Your goal >> Each entry below is to be returned exactly, with any pictures left out.

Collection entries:
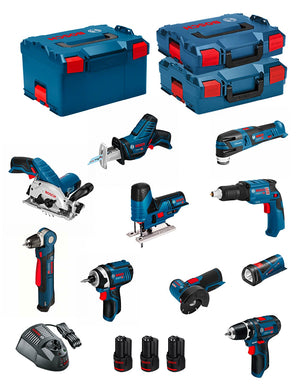 Bosch professional bosch kit 12v bmk10-28ad3(gsr12v-15+gdr12v-105+gks12v-26+gws12v-76+gst12v-70+gop12v-28+gsa12v-14+gwb 12v-10+gli12v-80+gtb12v-11) 0660989123611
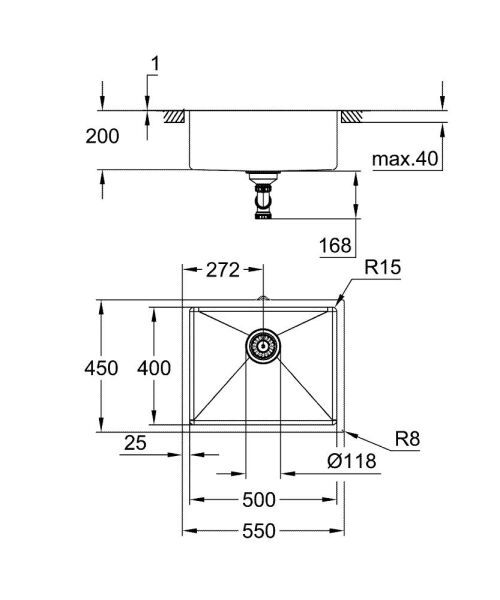 Grohe K700U Eviye 60 -S 54,4/44,4 1.0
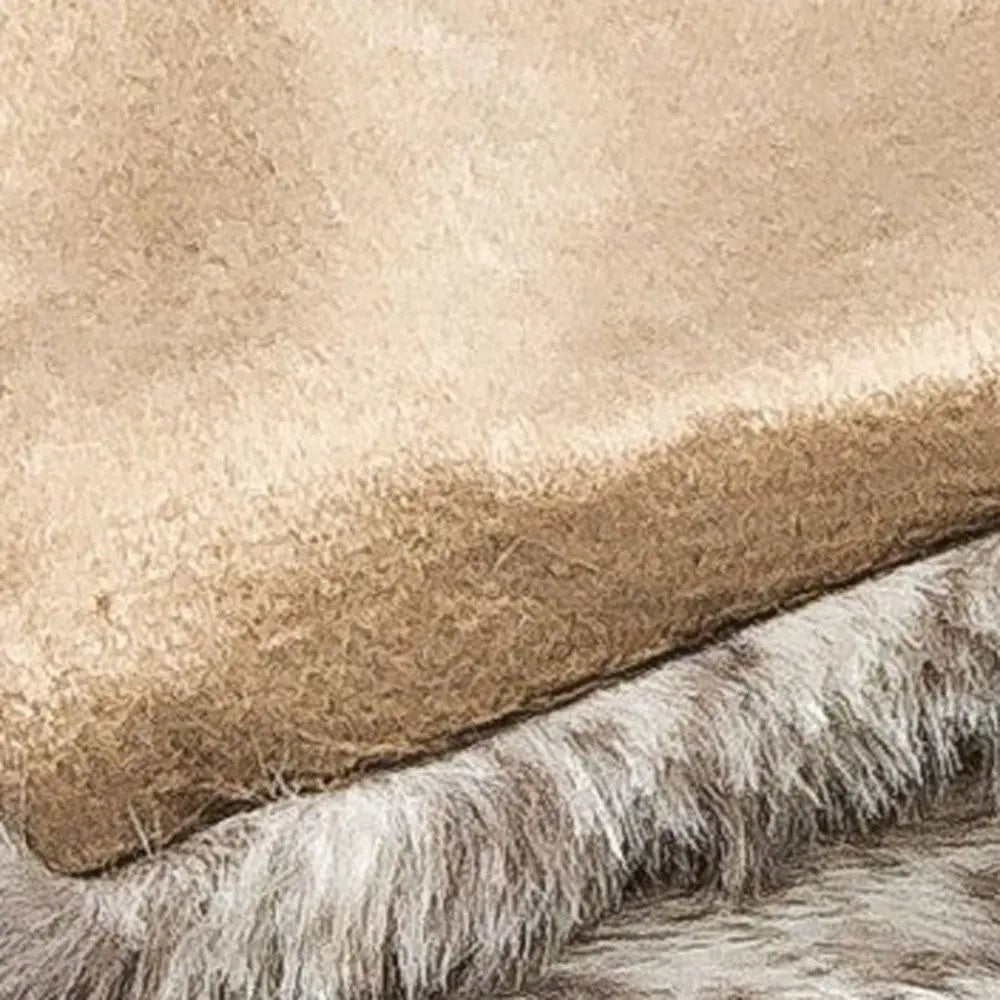 50" X 60" Brown and Taupe Faux Fur Animal Print Plush Throw Blanket Homeroots Home Decor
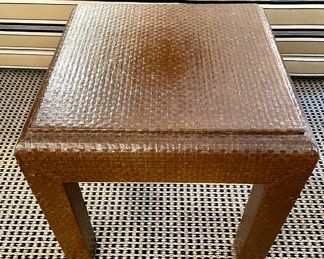 SOLD; 17.5" x 17.5" x 17"; mcm coffee table with woven pattern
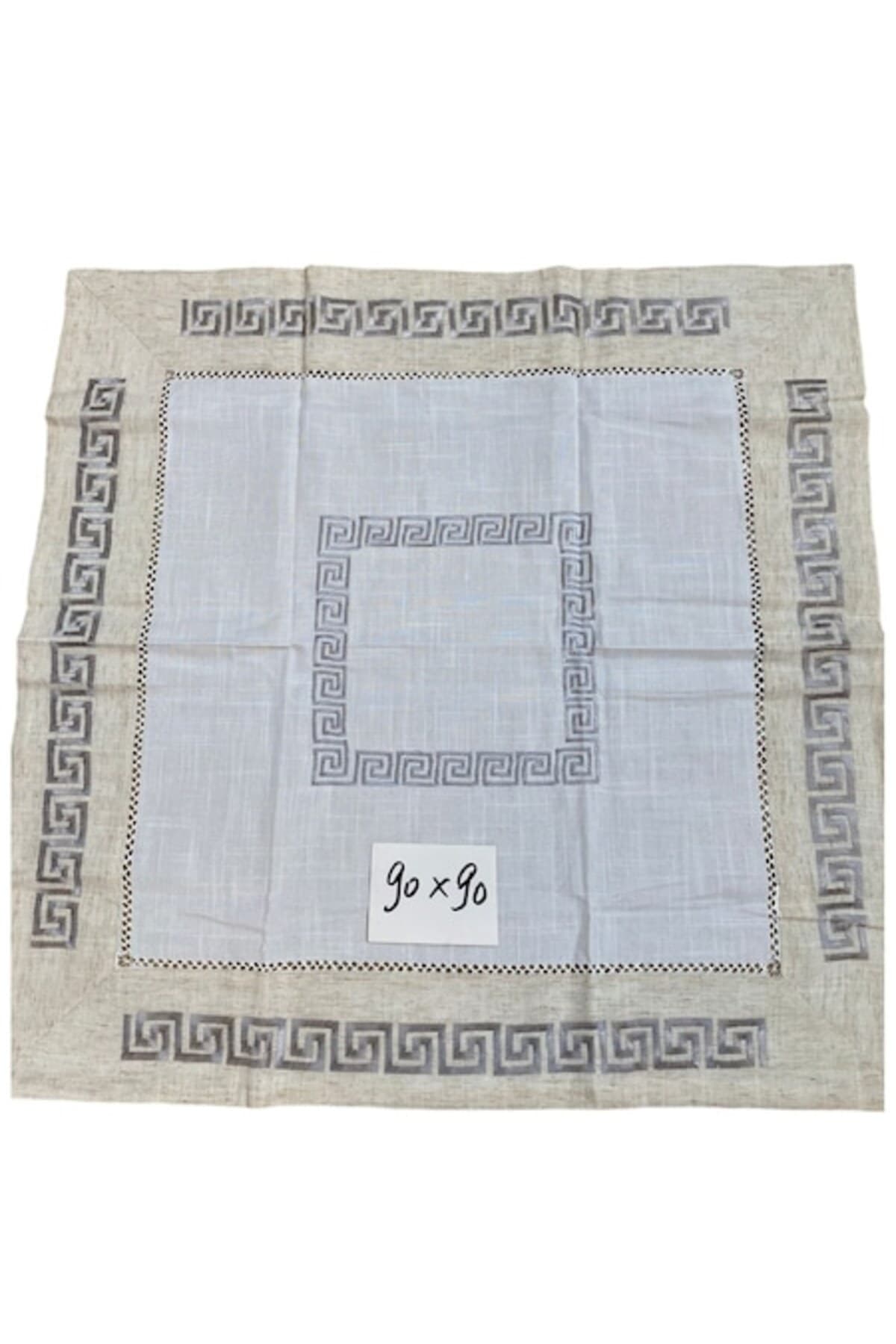 Fotografie produs: Fata de masa cu model brodat din in, 90 x 90 cm, alb cu bej - Concept E Efrall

Result >>
 Bosch professional bosch kit 12v bmk10-28ad3(gsr12v-15+gdr12v-105+gks12v-26+gws12v-76+gst12v-70+gop12v-28+gsa12v-14+gwb 12v-10+gli12v-80+gtb12v-11) 0660989123611
 Grohe K700U Eviye 60 -S 54,4/44,4 1.0
 50" X 60" Brown and Taupe Faux Fur Animal Print Plush Throw Blanket Homeroots Home Decor
 SOLD; 17.5" x 17.5" x 17"; mcm coffee table with woven pattern
 Fotografie produs: Fata de masa cu model brodat din in, 90 x 90 cm, alb cu bej - Concept E Efrall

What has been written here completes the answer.